The Chishti saints lived under conditions of awful poverty and they looked down up on possession of private property as a serious impediment to the growth of one’s spiritual personality.4 They considered fasting to be a remarkable expedient for weakening those desires that lead never to happiness but either to disillusionment or further desire. They reduced their diet in order to control the calls of the flesh. Once Shaikh Nizamuddin was asked why he was taking very little food, he replied, ”So many poverty stricken people are sleeping without dinner in the corners of the mosque s and before the shops.
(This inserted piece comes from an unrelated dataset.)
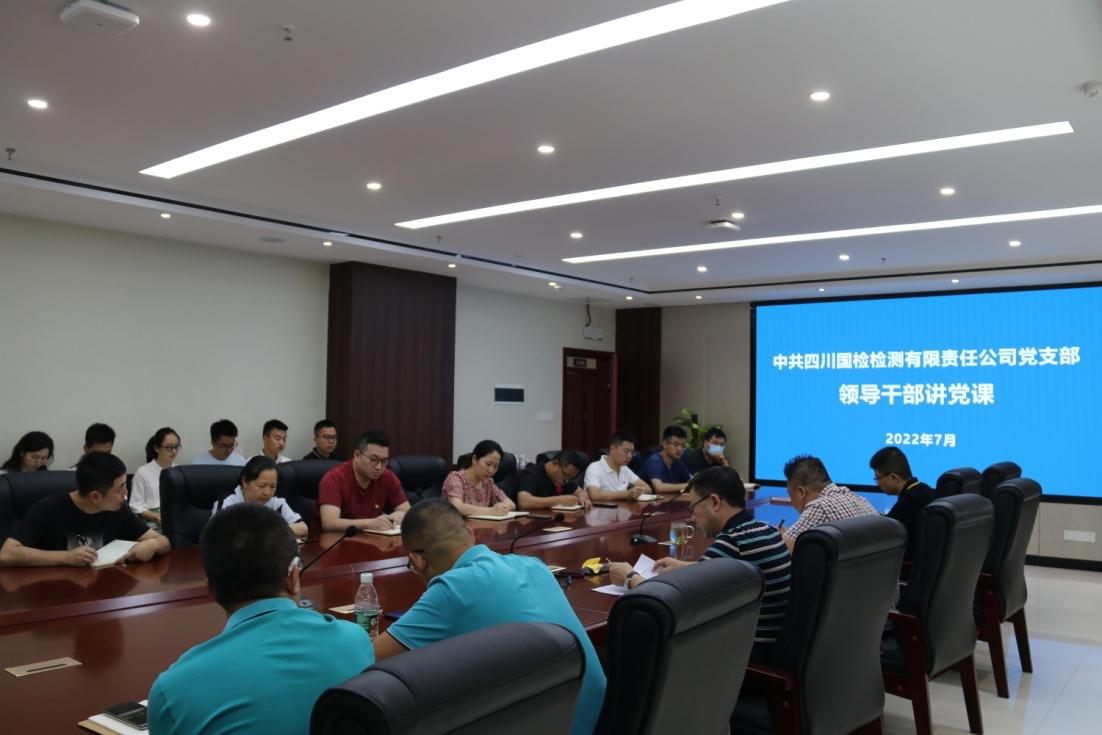 1658976690475074111.png 圖片4.png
How can this food go down my throat.’’ 5 A Chishti hospice or khanqah is a simple hall where all the inmates lived a community life. They all slept, studied, prayed on the ground and no discrimination , not even on the basis of seniority, was permitted to prevail in the hospice. If food was available, all would partake it; if not all would suffer jointly the pangs of hunger.

Like the Chishtis the Suhrawardi order also found its way to India.   Shaikh Bahauddin Zakariyya was the first peacher of Suhrawardi order in the sub continent. He was close to Sultan Iltutmish who appointed him as the head of religious affairs, the Shaikh al Islam. His disciples Sayyid Nuruddin Mubarak Gaznavi Sayyid Jalaluddin  and Qazi Hamiduddin and his successors actively engaged in the propagation of the order in the country.
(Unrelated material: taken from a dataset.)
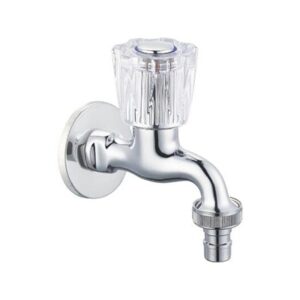 Aries Hosebib Tap 15mmx3/4"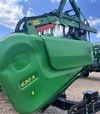 Зернозбиральний комбайн John Deere T670i HM, 2019 р.в, 1754 м/год, б/в - 5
Sufism played as a movement for social and cultural integrity of the Indian society. Sufis looked up on social service as the supreme object of all their spiritual exercises. The piri  murid system, metaphysical doctrines, the ethics and percepts, the prayers and litanies, the community life of the khanqah –together formed a consistent , integrated almost individual whole. The common people found solace for their worries and mental and physical illness in the prayers of sufis. That is why we see the Sufis living amongst the people by bearing their sorrows and worries. They were able to gauge the motives of the people who came to them  and accepted them as disciples. The constant contact with the needs and the sorrows as well as the weaknesses and vices of the people were the anvil on which the sufi’s personality was hammered out. They were believed to have acquired supernatural powers because of their supernatural gifts. Muinuddin Chishti said: ”To answer the call of those in distress, to fulfill the needs of the helpless and  to feed the hungry are the best acts of obediance’’6

The Chishtis and Suhrawardis maintained different attirude towards state. When the Chishtis completly abstained from the rulers the suhrawardis accepted their gifts and lived with them. During the life time Nizamuddin Auliya seven rulers ruled over Delhi, but he never visited any one of them except Sultan Jalauddin who summoned him to give his evidences for permitting sama or music in the shariath. The chishtis declined to accept honours and titles or to visit the court though the officers of the government came to their assemblies and princes could regard as their disciples.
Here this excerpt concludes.